What Tatas bring to the table in Air India acquisition


It is confirmed but not official yet. Tata Sons has likely won the bid for Air India, with sources indicating that it has offered more for the airline than the only other bidder, Ajay Singh (promoter of SpiceJet).

The government is the sole owner of Air India and, after a failed attempt in 2018, it had announced a roadmap for exiting the airline again in 2019. In the first attempt, not a single bidder had shown interest in the sale, which led to the government tweaking many conditions and offering various concessions to make the airline more attractive to prospective bidders.

In the second attempt at selling Air India, the government received just two bids – by Tata Sons and Ajay Singh in his individual capacity.

So, while the Tatas are believed to have won the bid, a panel of ministers still has to place the seal of approval on the deal and make an official announcement.

There is also possibly one more step: clearance by the Union Cabinet, since the initial proposal to disinvest the entire government shareholding in the airline had also been cleared by the Cabinet.

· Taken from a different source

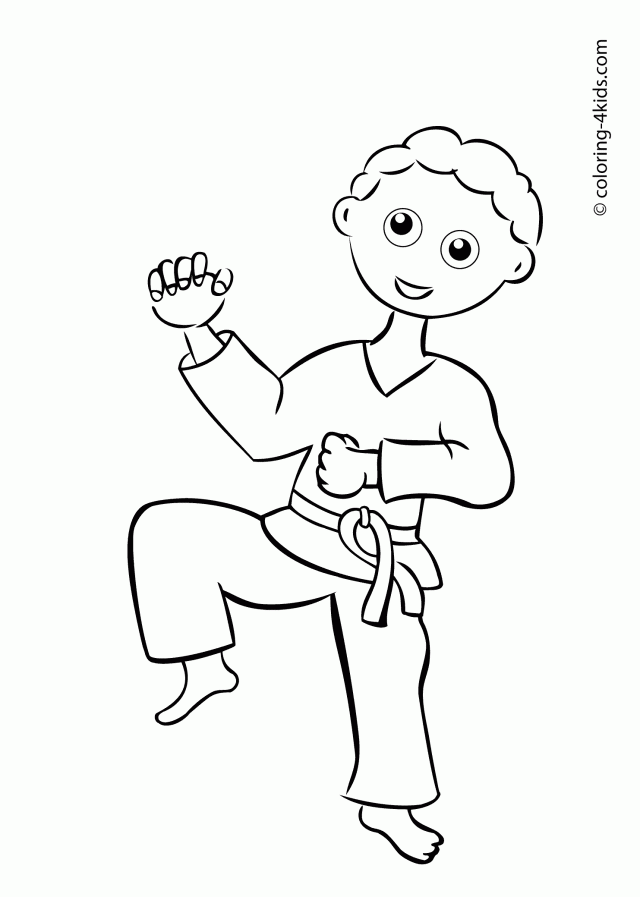 Karate Kid Coloring Pages - Coloring Home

As per the terms of the sale, Air India will be broken up into five parts and its “unsustainable” debt hived off into a special purpose vehicle (SPV). The core airline business, comprising Air India, Air India Express (which is the low-cost international arm) and ground-handling joint venture AISATS, is being offered as one entity to the winning bidder.

Regional arm (Alliance Air), ground-handling business outside of the JV (AIATSL), engineering operations (AIESL) and the Hotel Corporation of India (HCI) will likely also be moved to the SPV along with unsustainable debt.

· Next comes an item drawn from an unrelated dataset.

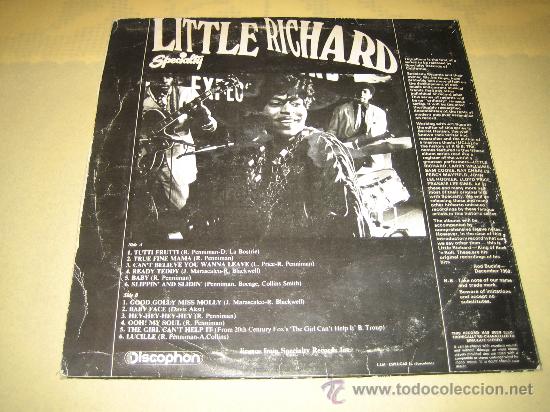 Discos de vinilo: LITTLE RICHARD - ED. ESPA&Ntilde;OLA 1971 - Foto 1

Air India’s sale will be the largest strategic disinvestment ever undertaken but the government has already sweetened the deal in a multi-step process so that it may not earn any substantial sum from the sale of the airline upfront.

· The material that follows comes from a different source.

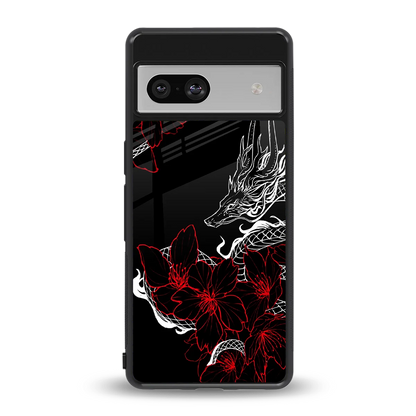 Fiery Petals back phone cover | glass case for google pixel 7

The bidder has to offer only 15 per cent of the total consideration upfront, if it is willing to take over some of the asset-backed debt of the airline. Various guess estimates for the reserve price – the price below which the government will not part with the airline – have been thrown about, with one source indicating the price could well be below Rs 10,000 crore.

It would be fair to say that whoever bags the airline may well get it for a song. But will the aria continue after the sale, given the multiple skeletons in the airline’s cupboard?

The possible acquisition by the Tatas is being seen as “ghar wapsi” since Air India was started by group patriarch JRD Tata before it was nationalised.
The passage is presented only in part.